I wanted to bite back at that accusation, but I couldn’t really. She’d gotten to the truth of it.

“Yeah. A pretty lie that I let myself believe in whenever I walked through our front door. That I left behind whenever I went to work for my pa and listened to my victims scream their last screams. I was two men but both of them wanted that lie to be true at least some of the time.” Her screams echoed on inside me and I swallowed thickly. “And that selfish desire was the lie that cost her her life.”

“Hellfire, I don’t understand what this has to do with me,” Brooklyn said slowly.

I swiped a hand down my face and looked away from her. “I’m just trying to explain what happens to people who get close to me.” I needed to warn her away, but I wasn’t sure I could keep hiding how I felt about her, so maybe if she understood the cost of loving me, she’d keep herself from me all on her own.

“But…she wasn’t close to you, was she? Not like I am? She didn’t see you like I get to. All bloody and broken and beautiful in your destruction. So I’m not like her in that way. I can fight, I can kill, I can-”
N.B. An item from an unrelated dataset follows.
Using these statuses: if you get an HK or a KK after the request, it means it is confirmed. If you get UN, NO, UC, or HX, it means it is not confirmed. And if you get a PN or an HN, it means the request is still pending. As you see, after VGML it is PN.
I stepped forward and cupped her cheek in my palm, looking down at her where she still sat on the bed and shaking my head.

“You’re still too close,” I said. “That’s why I wanted you to run. You have no idea how many people want me dead, little psycho. How many of them want to strike at me and hurt me in any way they can. Even most members of my own family want to see my head roll. I can’t always be there to protect you from that. I couldn’t protect her.”
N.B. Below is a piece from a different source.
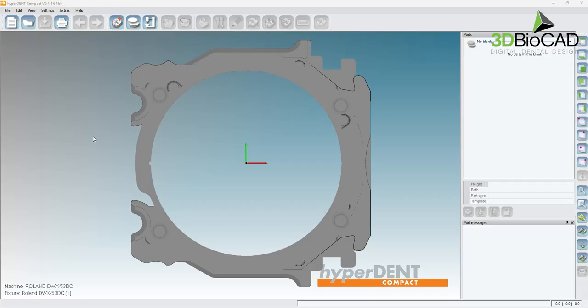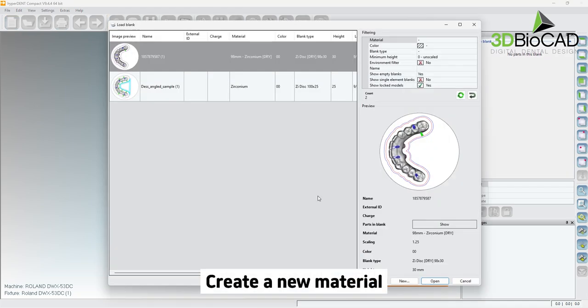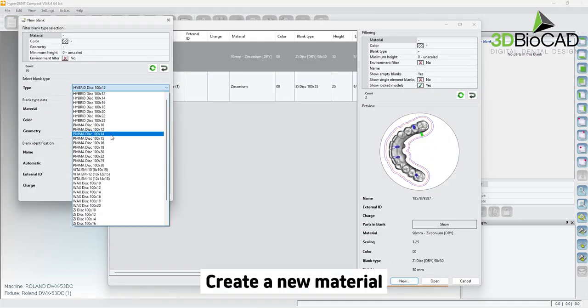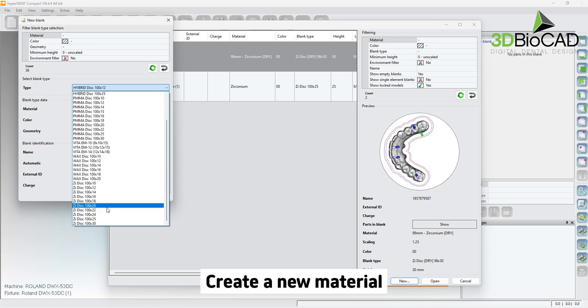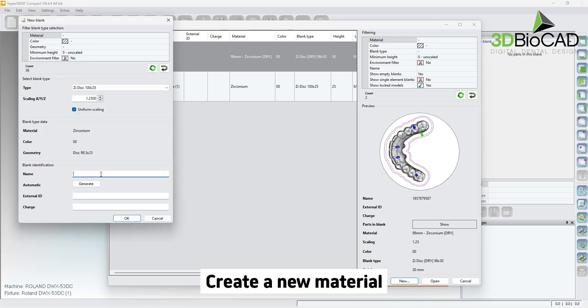Let's create a new material. First, click on the load blank button, then click on new. Select the blank type and size and name the blank, then click OK.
Brooklyn’s lips parted and I forced myself to withdraw my hand, making a move to step back, but she caught my forearm, her fingers seeming to burn where they pressed against the tattoo of my dead wife’s name.

“Sit with me,” she said, her voice firm but not demanding, more of a plea which I couldn’t refuse.

I moved onto the bed beside her, my entire body aware of her as I made myself comfortable leaning against the pillows to her right, her bright eyes keeping me captive the entire time.

“You lied to me,” she said just as I thought the worst of this conversation had passed and I winced as I remembered there were other issues to discuss. “About your big tits fiancée. If you can’t have people close to you then why are you marrying some big titted, big boob woman?”